Appealed from: The Supreme Court of Illinois (July 15, 2010)

Petitioner, Sandy Williams, was charged with sexual assault on 22-year-old L.J in 2000. At trial, the prosecution called an expert witness to testify about DNA test results that identified Williams as the assailant. He moved to strike the evidence under the Sixth Amendment’s Confrontation Clause because the testifying witness had not performed the DNA tests. The court denied his motion and convicted Williams of sexual assault, kidnapping, and robbery. He contends that allowing an expert witness to testify regarding forensic reports when the witness did not prepare the reports violates the Confrontation Clause.

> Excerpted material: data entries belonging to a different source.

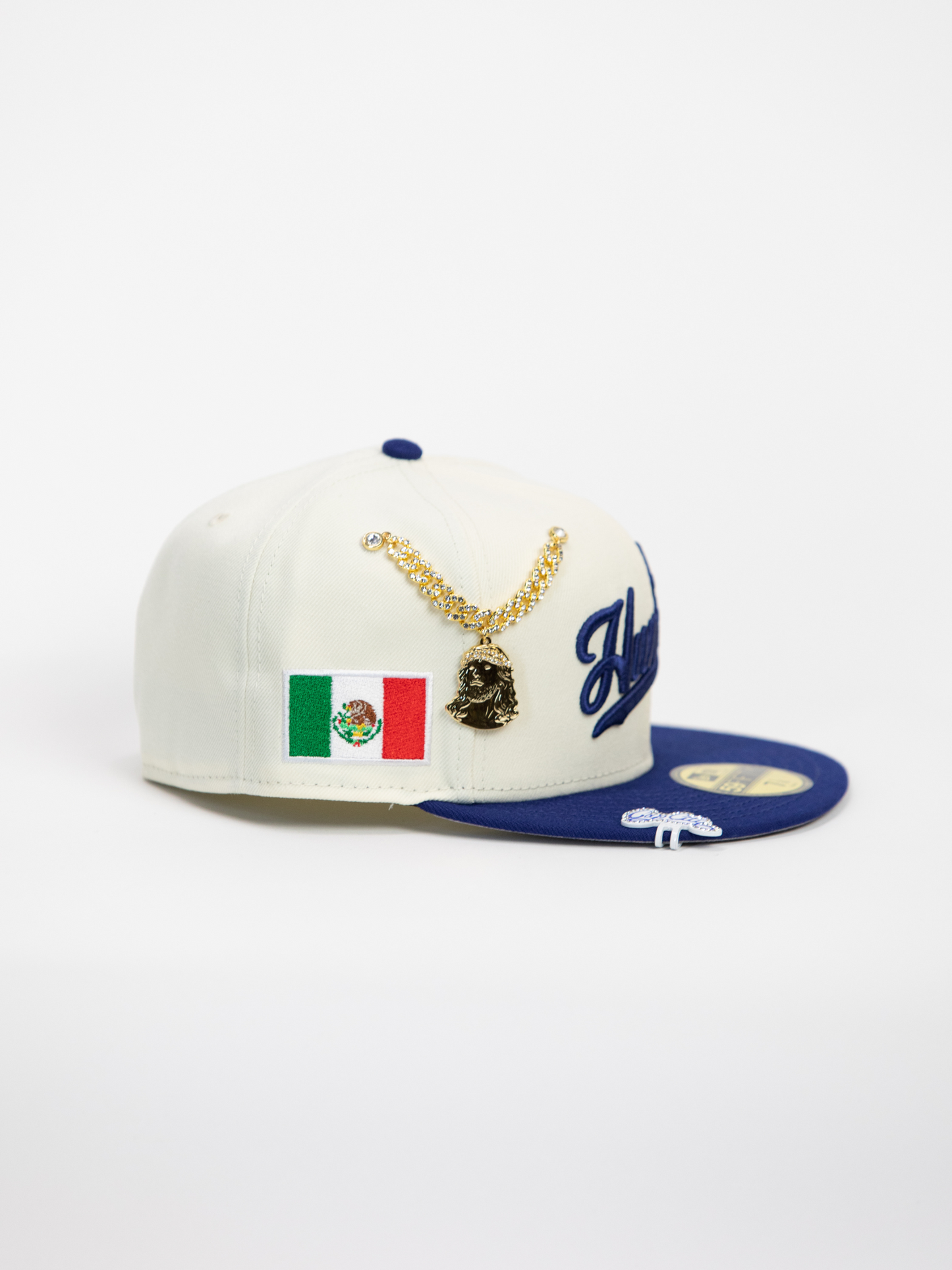 NEW* "RANCHO HUMILDE x NEW ERA x CAP CITY" WHITE/BLUE 59FIFTY FITTED W/ MEXICAN FLAG & GREY UV *FREE ACCESSORY INCLUDED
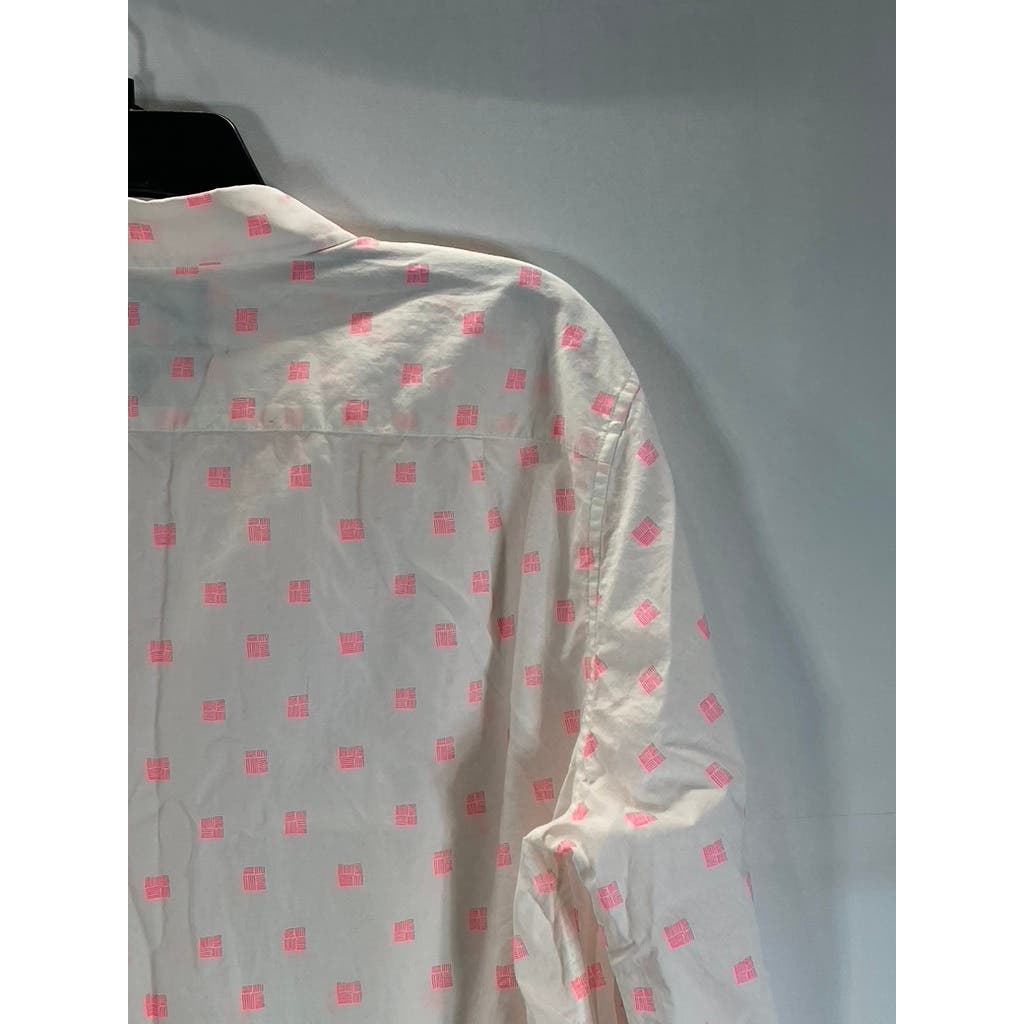 BONOBOS Men's Short White/Pink Printed Slim-Fit Button-Up Long Sleeve Shirt SZ M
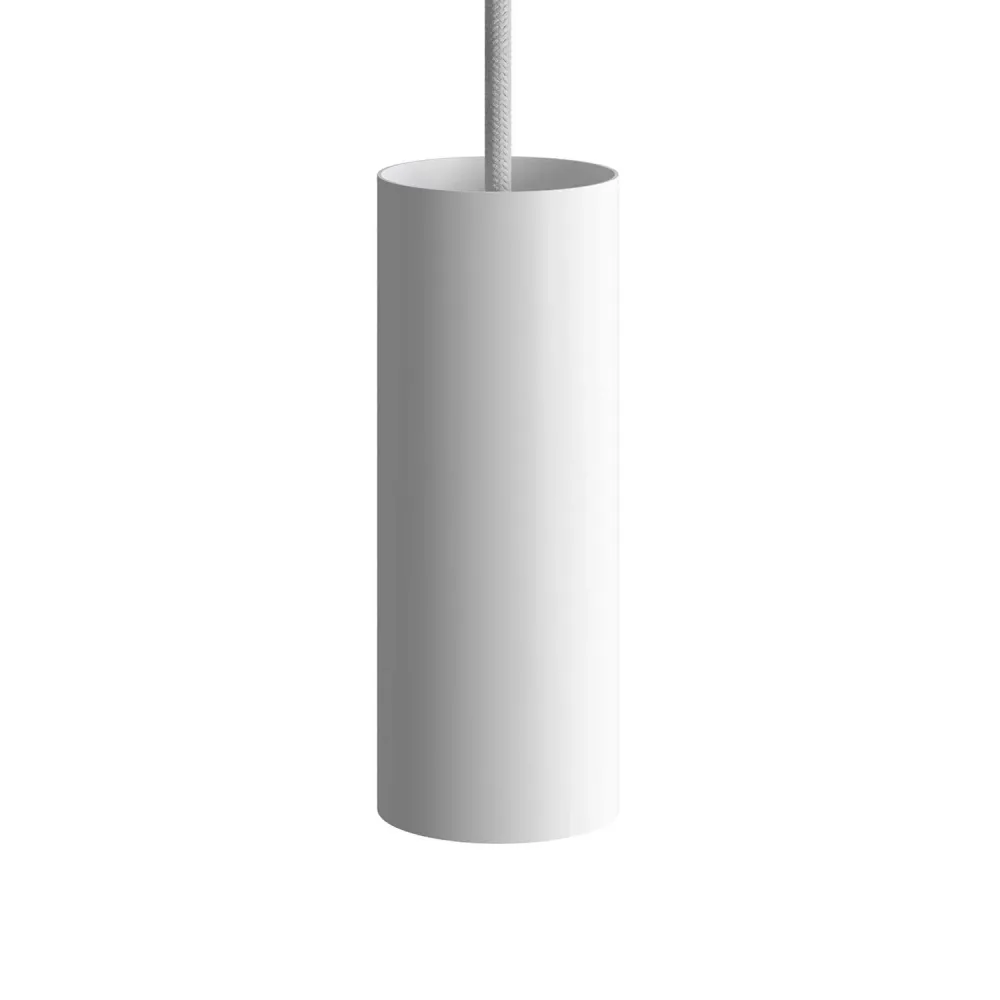 Tub-E12, tuyau spot avec douille double collet E12 - Blanc Mat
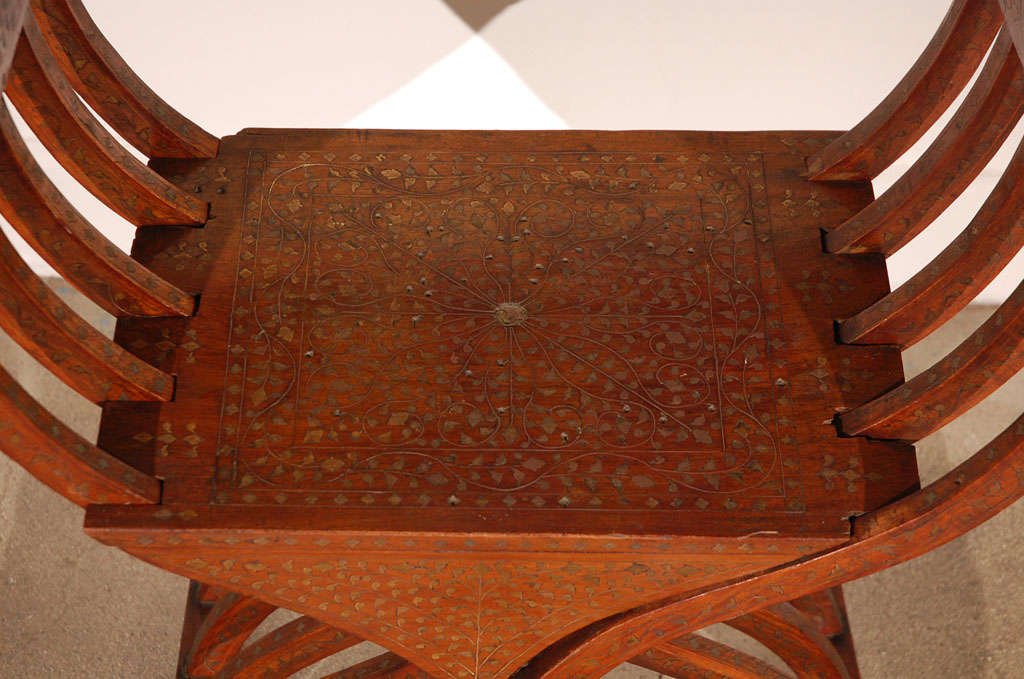 19th Century Anglo-Indian Brass Inlaid Savonarola Chair with Peacocks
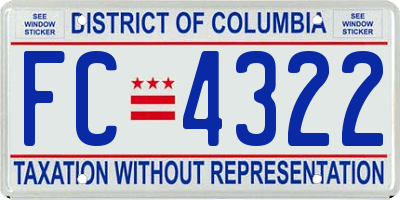 DC license plate FC4322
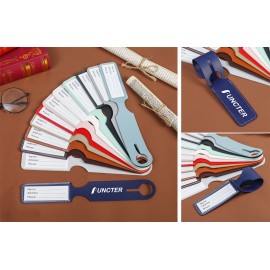 One-Piece Colorful Long Rectangular Shape PU Leather Luggage Tag Personalizable Travel ID Tag with Logo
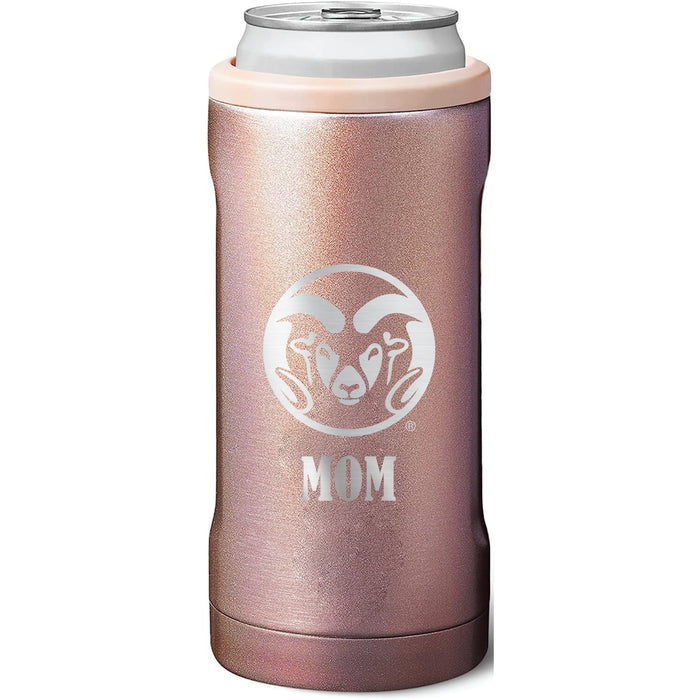 BruMate Slim Insulated Can Cooler with Colorado State Rams Mom Primary Logo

Williams insists that he must have the opportunity to cross-examine the analysts that prepared the reports, particularly because DNA test results are prone to error or manipulation. Respondent, the State of Illinois, argues that allowing the expert witness to testify does not violate the Confrontation Clause because the witness was applying her own independent analysis and opinions concerning the report.

Question presented

Whether a state rule of evidence allowing an expert witness to testify about the results of DNA testing performed by non-testifying analysts, where the defendant has no opportunity to confront the actual analysts, violates the Confrontation Clause.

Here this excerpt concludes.